Avec les dirigeants, de quoi parlez-vous quand vous vous voyez ?
On a une première discussion chez moi avec Nicolas Holveck et Michaël Chrétien et on parle de ce qu’on peut faire pour sortir le club de la difficulté. Quels sont les éléments qui peuvent nous aider. On a juste parlé de ça, de rien d’autre.
« Pourquoi tu fais une passe en arrière ? »
Comment remobilisez-vous les joueurs lorsque vous arrivez ?
Lors de mon premier entraînement, au bout de cinq minutes, je prends à part un joueur qui vient de faire une passe en arrière et j’arrête tout. Je lui dis : “Pourquoi tu joues derrière ? Si on veut faire mal à l’adversaire, c’est devant que ça se passe.” Je dois alors m’adapter au groupe que j’ai et je dois améliorer tout de l’intérieur. Je leur dis que j’accepte le déchet, à condition d’aller vers l’avant. Finalement, ce sont des mots assez simples qui font que les joueurs se prennent au jeu.
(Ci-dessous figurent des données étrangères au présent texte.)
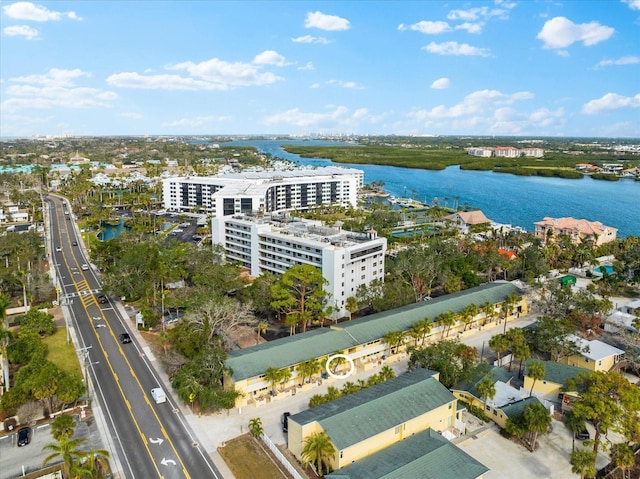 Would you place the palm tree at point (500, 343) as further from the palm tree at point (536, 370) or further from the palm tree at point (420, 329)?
the palm tree at point (420, 329)

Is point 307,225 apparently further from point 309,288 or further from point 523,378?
point 523,378

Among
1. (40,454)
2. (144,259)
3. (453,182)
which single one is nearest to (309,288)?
(144,259)

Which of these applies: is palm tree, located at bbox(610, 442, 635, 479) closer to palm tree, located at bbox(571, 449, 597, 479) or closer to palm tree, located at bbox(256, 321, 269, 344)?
palm tree, located at bbox(571, 449, 597, 479)

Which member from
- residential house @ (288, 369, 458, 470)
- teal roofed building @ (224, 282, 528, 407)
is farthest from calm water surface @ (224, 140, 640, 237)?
residential house @ (288, 369, 458, 470)

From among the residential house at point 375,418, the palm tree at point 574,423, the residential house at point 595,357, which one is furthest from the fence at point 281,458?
the residential house at point 595,357

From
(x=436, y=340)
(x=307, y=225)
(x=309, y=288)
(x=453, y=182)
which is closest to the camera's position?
(x=436, y=340)

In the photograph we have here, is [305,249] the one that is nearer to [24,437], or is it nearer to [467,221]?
[24,437] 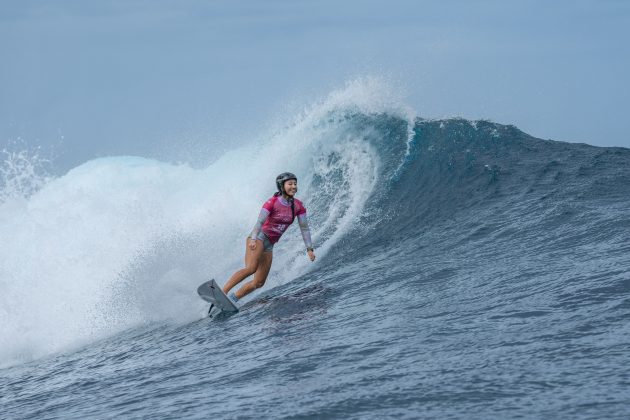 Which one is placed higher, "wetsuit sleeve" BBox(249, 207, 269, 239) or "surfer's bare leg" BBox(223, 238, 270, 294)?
"wetsuit sleeve" BBox(249, 207, 269, 239)

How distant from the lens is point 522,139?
1772cm

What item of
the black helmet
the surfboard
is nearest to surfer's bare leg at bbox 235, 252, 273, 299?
the surfboard

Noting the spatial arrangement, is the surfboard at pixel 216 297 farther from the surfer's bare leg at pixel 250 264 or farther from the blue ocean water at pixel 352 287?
the surfer's bare leg at pixel 250 264

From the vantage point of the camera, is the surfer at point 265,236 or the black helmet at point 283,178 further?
the surfer at point 265,236

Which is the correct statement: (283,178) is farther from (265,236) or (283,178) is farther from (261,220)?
(265,236)

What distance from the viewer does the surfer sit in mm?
10938

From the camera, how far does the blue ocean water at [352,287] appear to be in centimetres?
555

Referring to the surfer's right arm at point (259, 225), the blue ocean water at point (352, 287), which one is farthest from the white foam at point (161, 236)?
the surfer's right arm at point (259, 225)

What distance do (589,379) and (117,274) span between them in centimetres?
948

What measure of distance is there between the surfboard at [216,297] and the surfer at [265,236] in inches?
21.3

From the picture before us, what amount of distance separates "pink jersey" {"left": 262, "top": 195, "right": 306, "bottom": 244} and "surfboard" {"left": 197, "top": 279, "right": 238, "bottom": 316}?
1.27 meters

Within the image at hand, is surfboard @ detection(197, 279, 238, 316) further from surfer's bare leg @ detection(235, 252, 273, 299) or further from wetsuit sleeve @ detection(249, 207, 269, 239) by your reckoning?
wetsuit sleeve @ detection(249, 207, 269, 239)

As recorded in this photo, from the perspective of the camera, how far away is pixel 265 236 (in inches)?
437

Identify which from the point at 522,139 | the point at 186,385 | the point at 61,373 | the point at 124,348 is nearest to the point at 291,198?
the point at 124,348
Il faut aussi savoir tirer le positif de chaque situation négative et gérer les frustrations individuelles des joueurs. D’ailleurs, si vous regardez notre victoire contre Rouen (victoire 1 à 0 le 24 novembre 2023), lors de mon premier match, on voit tout ce qu’on ne voyait pas avant. Et là, j’ai dit aux joueurs : “Voilà, vous en êtes capables et je vais vous accompagner”.
Justement, racontez-nous ce premier match contre Rouen, ce retour à Marcel-Picot ? Qu’avez-vous avez ressenti ?
Honnêtement ? Rien ! Parce que je venais de rentrer d’un voyage usant psychologiquement et physiquement. Vous laissez la moitié de votre vie là-bas, très loin, en Uruguay, ça vous fatigue énormément. J’avais encore dans un coin de la tête ma maman. J’étais lié à l’équipe, mais ma tête est occupée à autre chose. Même si j’avais été accueilli avec des feux d’artifice, je ne l’aurais pas remarqué. Ce n’est pas pour être méchant avec le public, qui nous a aidés et nous aide encore énormément, mais ce soir-là c’était particulier à cause de ça.
« Je n’ai jamais pensé une seconde que l’on pouvait monter »
Ensuite, il y a des événements très tristes qui s’enchaînent pour vous personnellement, mais aussi pour tout un club (décès de sa maman puis décès de Nicolas Holveck) ? Comment vit-on ces moments-là en pleine saison ?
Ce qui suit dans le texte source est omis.